Ciampi jr per diradare le ombre che si addensavano sul padre ammise la frequentazione con Spadaro, prima sostenendo “non ho letto da nessuna parte che Spadaro sia stato giudicato colpevole di qualche reato”, poi aggiungendo: “Rosario è cliente della Bnl da molti anni, più di dieci. Siccome io mi occupo dell’area commerciale, mi sembra naturale che io abbia contatti con lui. Credo non sia reato e tantomeno peccato andare in barca con qualcuno..”. Spadaro è stato arrestato due volte. Nel 1993 dalla polizia olandese nelle Antille per un’inchiesta sulle tangenti. Nello stesso anno è stato indagato dalla procura di Messina per traffico internazionale di armi. Nel 2005 Spadaro è stato arrestato una seconda volta per ordine della procura antimafia di Reggio Calabria nell’ambito dell’inchiesta “Gioco d’azzardo”. Reati che non hanno portato al momento a condanne in via definitiva.
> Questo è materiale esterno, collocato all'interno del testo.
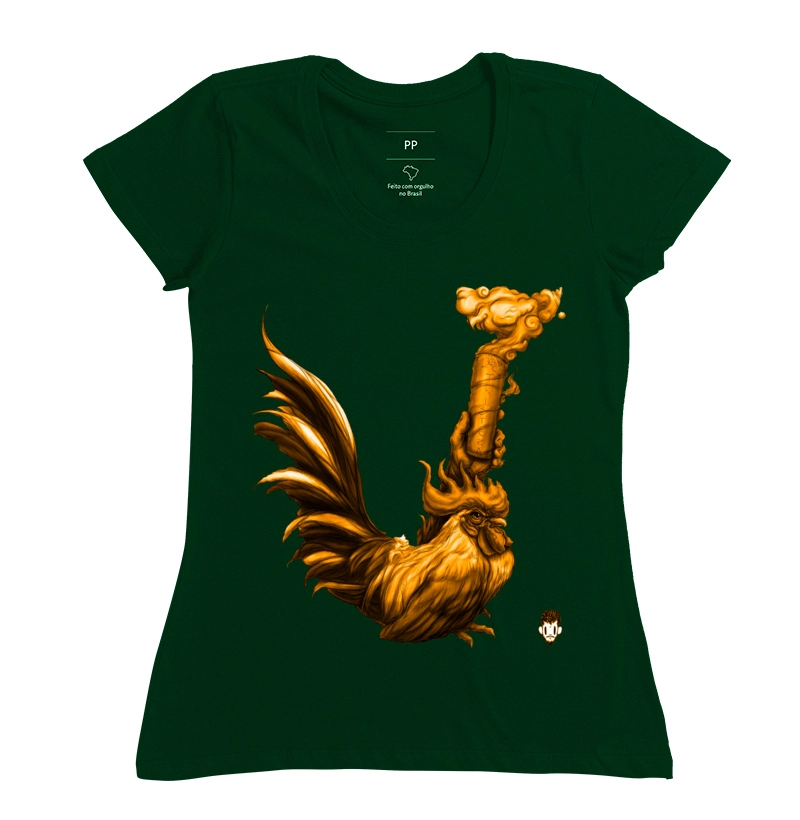 Camisa 10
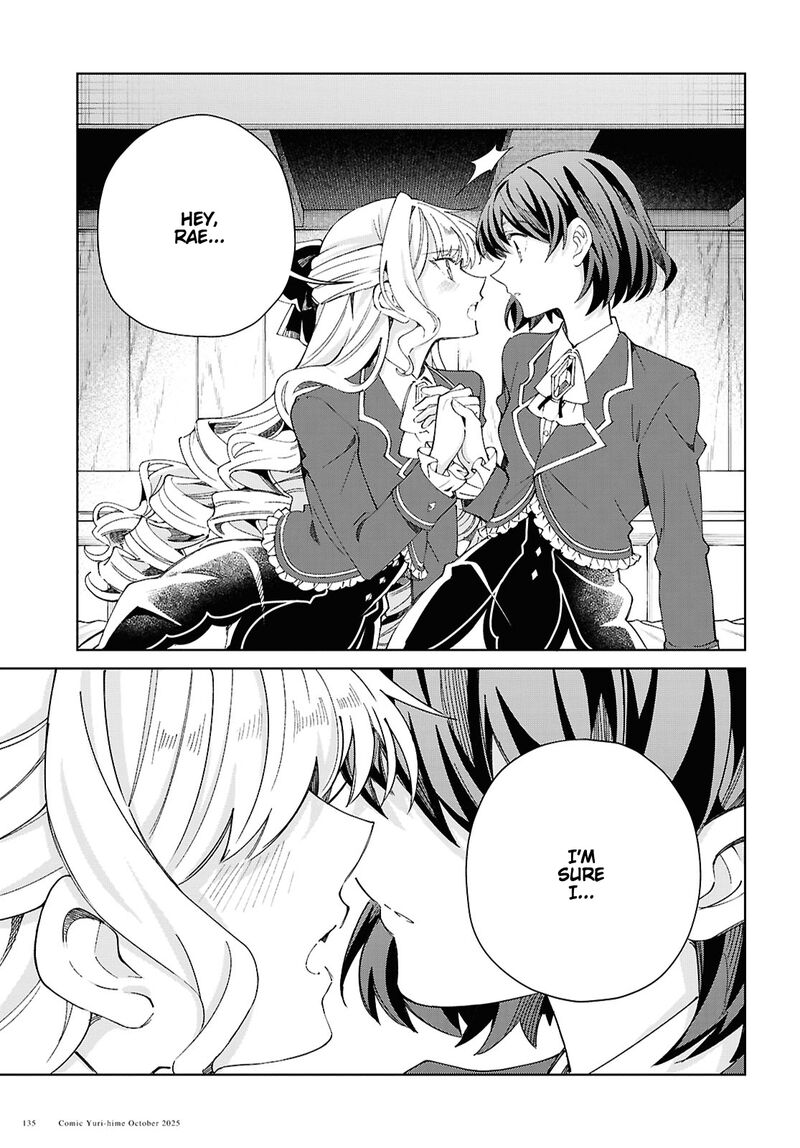Watashi No Oshi Wa Akuyaku Reijou 55 19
Resta il fatto che Spadaro in barca andava con il figlio di Ciampi e non con Briatore.
Perchè il fatto non ne parla???????????
bechis senti un po' quando scriverai sul tuo blog di quei 6/7 milioni all'anno di contributi pubblici (cioè nostri) che incassa LIBERO le cui copie vanno sempre giù?
onesto bechis! che a fare i froci col culo degli altri siamo bravi tutti!!
dove sarebbe attaccare i briatore e omettere i ciampi? quali prove ci sono a sostegno che il fatto sapeva e ha omesso?